Bu noktada Ukrayna konusundaki tutumu özellikle Doğu Avrupalı müttefikleri için umut verici olsa da ABD’nin uluslararası sistemde her zaman sert bir dönüş yapacağının garantisi yok. Yukarıda da belirtildiği üzere dış politikada ABD’nin motivasyonları değişiklik gösterebiliyor. Bu da hem NATO üyeleri hem de Rusya açısından cezalandırmaya dayalı caydırıcılık konusunda yanlış hesap riskini beraberinde getiriyor.
Ancak Rusya’nın beklentilerin altında kalan askeri performansı tam da bu noktada savunmaya dayalı caydırıcılık mantığını müttefikler için çekici hale getirebilir. Rusya’nın şu ana kadarki başarısız işgal girişimi Avrupa güvenliği ve caydırıcılığın geleceği açısından önemli bir noktayı ortaya çıkardı. Savaş, Rusya’nın askeri kapasitesi hakkında diğer ülkelere bilgi verdi. Bu bilgi de malum olduğu üzere Rusya açısından pek iç açıcı değil. Rusya’nın savaş öncesi dönemde korkulan askeri gücünün biraz abartı olduğu algısı yerleşti. Rusya’nın askeri teknolojiden organizasyona, güvenlik bürokrasisinden siyasi iradeye kadar birçok sorunu ve eksiklikleri gün yüzüne çıktı.
Bu anlamda NATO üyesi ülkeler bireysel olarak gerekli askeri hazırlıkları yaptıkları takdirde Rusya’ya yeni bir Ukrayna faciası yaşatmanın mümkün olabileceğini gördüler. Rusya’nın korkulacak kadar bir askeri gücünün olmadığı ve dengelenebilir bir aktör olduğu algısı yerleşiyor. Bu durum da müttefikleri ABD odaklı cezalandırmaya dayalı caydırıcılıktan ziyade sahada düşmana maliyet üretme odaklı savunmaya dayalı caydırıcılık merkezli askeri planlamaya sevk edebilir. Bu da ilk etapta güçlendiği düşünülen “ittifak ruhu” fikrinden ziyade daha bireysel silahlanma eğilimlerini beraberinde getirebilir.

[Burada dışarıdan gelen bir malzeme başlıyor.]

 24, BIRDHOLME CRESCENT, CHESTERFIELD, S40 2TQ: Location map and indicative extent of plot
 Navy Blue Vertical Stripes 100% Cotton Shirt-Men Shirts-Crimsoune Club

Tabii ki NATO üyesi bir ülkeye yönelik “açık bir saldırıya” sessiz kalmak, tüm ittifakı çökerteceğinden ABD’nin kağıt üzerinde göze alabileceği bir şey değil. Ancak Rusya, vekil unsurlar, hibrit stratejiler ve gri alanlar yaratmak marifetiyle dolaylı eylemlerde de bulunabilir. Yine Ukrayna’da hem sahada hem de imaj olarak büyük yara alan Rusya’nın yakın gelecekte büyük bir askeri eyleme girişme ihtimalinin zayıfladığı da düşünülebilir. Fakat bu durum da gelecekte tıpkı Rusya’nın dün Ukrayna’da yaptığı yanlış hesap gibi gelecekte de NATO’nun yanlış hesap yapmasına neden olabilir. Eski Amerikan savunma bakanı Rumsfeld’in ifadesiyle “zayıflık provokatiftir.” Rusya’nın çok da zayıf görülmesi gereksiz bir tırmandırma ve kazara çatışma riskini artırabilir. Bu sefer de caydırıcılığın Rusya aleyhine başarısız olma ihtimali üzerinden çatışma olasılığı güçlenir.
Sonuç olarak Avrupa güvenliğinin bel kemiği olan caydırıcılık, tabiri caizse zor bir zanaat. Bir taraftan bir bardağı boş bırakmadan doldurmaya çalışmak diğer taraftan da suyu taşırmamaya çalışmak gerekiyor. Belli bir seviyeden sonra bir damlanın bile etkisi çok büyük olur.